Se teve paciência para prolongar a leitura até aqui, aposto que já adivinhou que isto é mais do que uma história para ver navios. O problema do barco de Teseu é um problema com nós próprios. À semelhança do navio, olho para fotos de mim há uns anos e percebo que aquele das fotos sou eu; mas, simultaneamente, vejo que hoje sou totalmente outro. Dito de um modo mais pomposo: o problema está em saber o que é necessário para que uma coisa (que se modifica) possa ser considerada a mesma coisa (ou alguém seja a mesma pessoa) ao longo do tempo: a quê nos referimos, quando dizemos “eu”?

É que isto é inegável: crescem-nos e cortamos o cabelo e as unhas; eventualmente, perdemos um braço ou uma perna ou até (felizmente com menos frequência) trocam-nos o fígado ou o coração; os ossos enfraquecem; perdemos parte das memórias e da capacidade de memorizar; as células renovam-se muitas vezes durante a vida, em intervalos regulares, como as pranchas do barco de Teseu, ou alteram-se ou degeneram. E, apesar de todas estas mudanças físicas ou psicológicas (algumas das quais são visíveis nas fotos de nós com diversas idades), dizemos que continuamos a ser nós: porque é que podemos dizer coisa tão estranha?

Há quem responda que as pessoas são o seu cérebro. E poderemos até achar que esta teoria tem apoio na constatação de que o cérebro é uma parte de nós diferente daquelas que hoje já são substituídas com maior ou menor facilidade (fígado, coração…). Contudo, o avanço da ciência aponta para a possibilidade de o cérebro vir a ser substituído – e os pensamentos, lembranças, ideias…

O príncipe e o sapateiro

No século XVII, John Locke previu a possibilidade dessa substituição, ao formular outra versão do problema do barco de Teseu (já aqui apresentada, numa breve recensão ao livro Não Descartes Estas Ideias). Aquele filósofo inglês convida-nos a imaginar que, certa noite, a alma (digamos, o cérebro) de um príncipe, com todos os seus pensamentos principescos, é transferida para o corpo de um sapateiro: quem é que acorda no pijama do sapateiro, no dia seguinte? A pessoa que está no corpo do sapateiro lembra-se de ter sido príncipe, reconhece-se como príncipe e não como sapateiro; os outros continuam a identificá-lo como sapateiro.
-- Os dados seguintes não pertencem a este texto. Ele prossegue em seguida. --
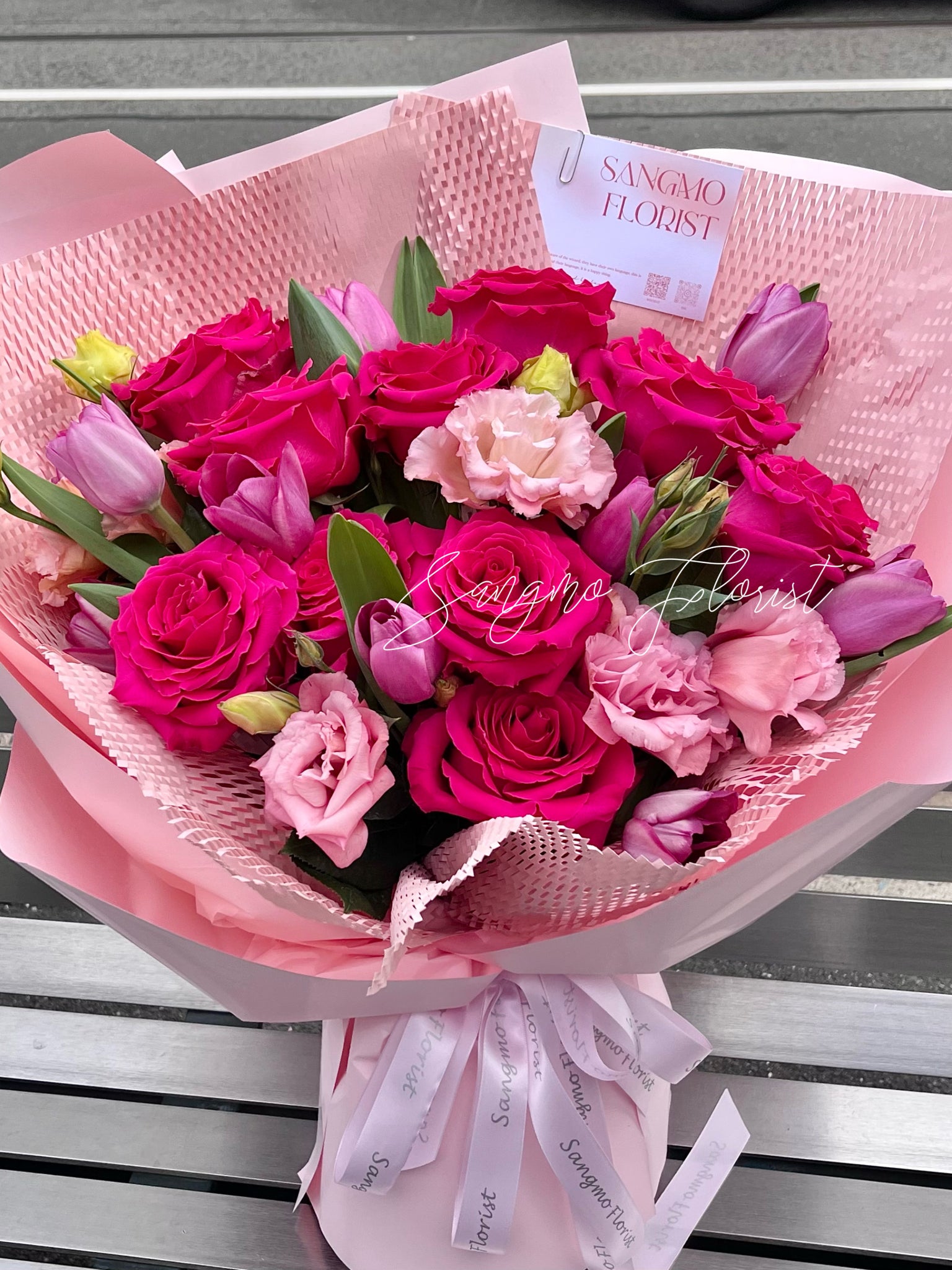 Dreamy Florals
Na mesma noite, a alma do sapateiro é transferida para o corpo do príncipe. Acontece que, uns dias antes, o príncipe tinha cometido um crime, que não vamos aqui revelar; quando os guardas vierem prender o criminoso, qual dos dois devem levar: o que tem alma de príncipe ou o que tem corpo de príncipe?

***

||| O texto O barco de Teseu… 

… é o quinto da série Histórias exemplares. O quarto (O fio de Ariadne) está aqui….

||| O problema que os filósofos formulam aproveitando o barco de Teseu é identificado como o problema da identidade pessoal. Com outros (como o problema mente-corpo, já aqui abordado), é estudado na área da filosofia conhecida por Filosofia da Mente. Mas não só: assumindo outras formas, cabe em outras disciplinas filosóficas, como a ética (note que o último parágrafo do texto anterior aponta um problema ético: o da responsabilidade moral. Se quiséssemos explorar até ao limite o problema da identidade, poderíamos perguntar se o réu que é acusado de um crime que presumivelmente cometeu há uns anos é a mesma pessoa que está agora a ser julgada e se, portanto, deve ser condenada).

||| Há outras variações sobre a experiência mental do barco de Teseu (além das três formuladas no texto, que incluem a de Locke: o príncipe e o sapateiro). Por exemplo, o homem do pântano; o teletransportador; ou o chinês que sonhou ser uma borboleta.